THE BANSHEES of INISHERIN
The Banshees of Inisherin. Filmin adını Inisherin'in
Ölüm Perileri diye söyleyebiliriz. Aslında Colm, ada için bestelediği cenaze
müziğine bu ismi vermiştir. Neden der Padraic. Adada ölüm perisi yok ki. Colm
da bu ismi sadece kelimenin içinde çift s harfi geçtiği için koyduğunu söyler.
Ardından: Belki de onlar yerine, bugün arkalarına
yaslanmış, olan biteni seyreden periler vardır, der. Banshee kelimesi kökenini
dişi peri anlamınına gelen bean-sidhe kelimesinden alır. İnanca göre, bu
periler ölümü önceden haber veren ataların ruhuna sahiptir. Filmde arkaik bir
figür olarak ölüm perisi rolünde yaşlı kadın McCormick'i görürüz
Hikayede tek
gerçek olan, 1922 yılının ortalarında, ülkenin tam bağımsızlığı için iki
milliyetçi grup arasında başlayan ve yaklaşık bir yıla yakın süren iç savaştır.
Kardeşin kardeşi öldürdüğü, binlerce kişinin tutuklandığı, idam edildiği savaşın
etkisi nesiller boyu sürdü. Filmin son sahnesinde Colm ile Padraic arasında geçen
diyalog da savaşın bu yönünü anlatır.
Colm'un
artık ödeştiklerini düşündüğü, Padraic'in ise bunu reddettiği bir sahnedir bu.
Colm, son bir ümitle ana karaya bakarak '' Savaşın sonuna geldiler galiba, der.

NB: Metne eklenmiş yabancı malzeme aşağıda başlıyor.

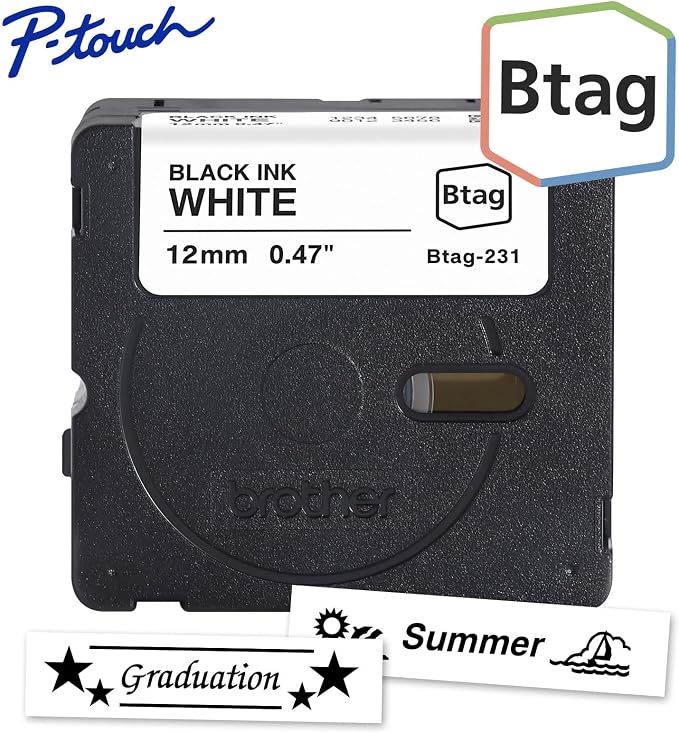 Brother Genuine P-Touch Btag BTAG231 Black on White Label Tape ~1/2in by 13.1ft. - Image 2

Padraic ise; Nasılsa yeniden başlayacaklar. Bazı şeyler geçmek bilmez. Bu
iyi bir şey diyerek filmin de son
cümlesini söylemiş olur.
İrlanda kökenli yönetmen Martin McDonagh da doğal
olarak bu hikayelerle büyümüş ve nesiller boyu süren savaşın benzerini iki
arkadaş arasında geçen kurgusal bir hikaye ile anlatmak istemiş. Hikaye minimalist,
ancak anlatılanı vermede muazzam bir etkiye sahiptir. Bir savaşın korkunçluğunu
anlatmak için makro büyüklükte sahnelere ihtiyaç yoktur. Savaş, savaştır. Acı
acıdır. Ve bu yüzden de dağılan arkadaşlığın yaşattığı acı öyle derin işlenir
ki, gerçekte yaşanmış olanı arka planda bırakır; kendi yaşanmışlıklarımıza
döneriz. Kendi çıkmazlarımız, kendi paradoksal yanlarımız aklımıza gelir. Öyle tuhaf,
öyle şaşırtıcı durumlardır ki bunlar, ortada ne haklı vardır, ne haksız. Ya da iki doğru
olsun, seçmek zorunda kaldığımız diğerine
rağmen doğrudur. Ancak öyle olsa
da anlamamızın sınırlarını test eden ve yepyeni fikirler uyandıran yanları
vardır.
O yüzden de paradokslar yüzyıllardan beri
düşünürlerin,yazarların,sinemacıların ilgi odağı olmuştur. Örneğin, 8. yüzyılda
Homeros'un kahramanı Odysseus için yarattığı paradoksa bakalım. Odysseus devler
mağarasına girer ve karşısına çıkan tek gözlü canavarı önce sarhoş eder. Sonra
da ona adının Hiçkimse olduğunu söyler ve tam kaçacağı sırada gözüne kocaman
bir kazık saplar. Canavar da o anda can havliyle bağırır ve bu sese uyanan
arkadaşları Kim var orada diye seslenirler. O da onlara, “Hiç kimse” diye cevap
verir.
Sinema dünyamıza dönelim. Özellikle bilim kurgu
filmlerde en çok zamansal paradokslar dramatize edilir. Örneğin, Bay Hiç kimse
filminde, dokuz yaşındaki Nemo’nun anne ve babasının ayrılığı karşısında
kaldığı durumu hatırlayalım.Tren istasyondadırlar. Ya annesiyle yaşamak için
onunla birlikte gidecektir ya da babasıyla aynı şehirde kalacaktır. Nemo
hangisini seçecektir? Ama film, her ikisini de sunar bize. Eş zamanlı sahneler
göstererek, anne ve babasıyla yaşayabileceği sonsuz olasılıklar düşündürür. Ve
Bay Hiçkimse Nemo, yaşamının son günlerine geldiğinde ise şunları söyler: ‘’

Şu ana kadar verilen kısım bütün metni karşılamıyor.